Episódios soltos I

Episódios soltos
A vala…
Há muitos, muitos anos, talvez mais de trinta e oito, um avô em boa forma nos seus oitenta anos, foi num sábado de manhã cinzenta e fria, talvez Janeiro, talvez Fevereiro, sair com os dois netos para o habitual passeio matinal.
Mantinha-se desta forma activo e partilhava da companhia dos seus netos, agora na escola primária.
Sempre sonhara com um filho, mas só teve quatro filhas.
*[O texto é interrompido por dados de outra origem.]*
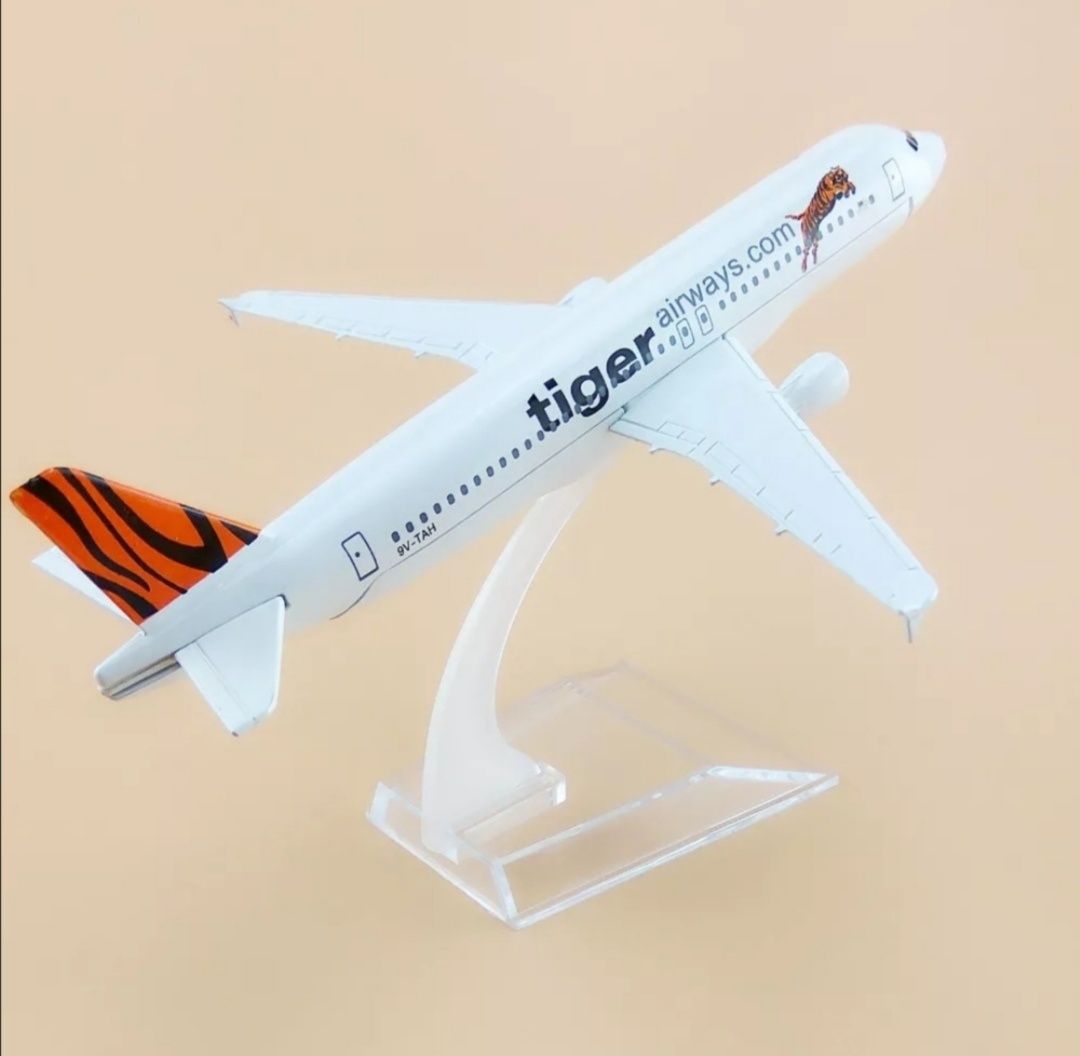 Macheta avion Tiger Airways Singapore / 16 cm / metal / cadou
Ainda que se sentisse feliz com as mesmas, nada se comparava à felicidade que sentira ao saber do nascimento do primeiro neto e depois do segundo.
Gostava de estar com eles, de lhes mostrar a terra onde vivera nos últimos 35 anos, falando-lhes dos nomes das ruas, ensinando-lhes os caminhos e explicando-lhes o valor dos prédios mais significativos e dos locais com mais significado histórico.
Lembrava os velhos tempos em que, como respeitado comandante do posto local da GNR percorria a pé todas as ruas, todas as aldeias, todas as estradas e todos os campos, que ainda conhecia como a palma da própria mão.
Naquela sábado de ameno Inverno foram pela estrada principal até à mais vizinha das aldeias e depois regressaram pelos campos lavrados, mostrando com orgulho o seu sentido de orientação e o perfeito conhecimento dos caminhos rurais.
Por entre vinhedos e pomares de pêra e maçã, plantações de hortícolas e terrenos em pousio, assim decorreu suave e alegremente uma caminhada que a memória dos participantes não mais olvidaria.
Cerca de dois quilómetros a norte da conclusão da caminhada e bem merecido almoço, uma vala cortava o caminho aguardando o regresso dos trabalhadores no reinicio da semana de trabalho.
A vala teria metro e meio de largo e uns dois metros de fundura.
Ainda garboso do seu passado militar e da forma que mantivera até tão avançada idade, apesar do coração lhe estar a pregar algumas partidas fruto dos anos de preocupação e dificuldades que passara para arrancar a família à pobreza dos seus antepassados que bem conhecera na sua juventude beirã, o idoso avô não hesitou no salto para ultrapassar o obstáculo.
O neto mais novo e afoito seguiu-lhe prontamente o exemplo, desejoso de regressar ao quente da casa.
O neto mais velho, orgulho do avô apesar de não ter saído nem republicano nem benfiquista, antes monárquico e do belenenses, perante o obstáculo faltou-lhe a confiança e a determinação. Procurou passagem à esquerda ou à direita, mas e extensão da vala vedava-lhe alternativa. Ou voltava para trás ou saltava.
O irmão mais novo gozava a situação.
O avô, paciente como só os avôs sabem ser, saltou para trás e para a frente para mostrar que era fácil e incentivar o neto.
Após algum tempo este decidiu arriscar o salto e facilmente conseguiu ultrapassar o obstáculo.
Quantas vezes na vida não somos confrontados com obstáculos que parecem inultrapassáveis mas que afinal até existe forma de os superarmos?
Muitas vezes não conseguimos e desistimos, seguimos caminhos errados e desperdiçamos oportunidades porque nos falta lá um avô que nos ajude a ganhar confiança e arriscar ultrapassar os obstáculos que nos impedem de irmos mais além e atingirmos os nossos objectivos.
Este avô foi o meu avô e esta história aconteceu tal e qual descrita.
O meu avô Manuel foi a melhor pessoa que conheci na vida e já muitos anos se passaram e muitas vidas se cruzaram com a minha.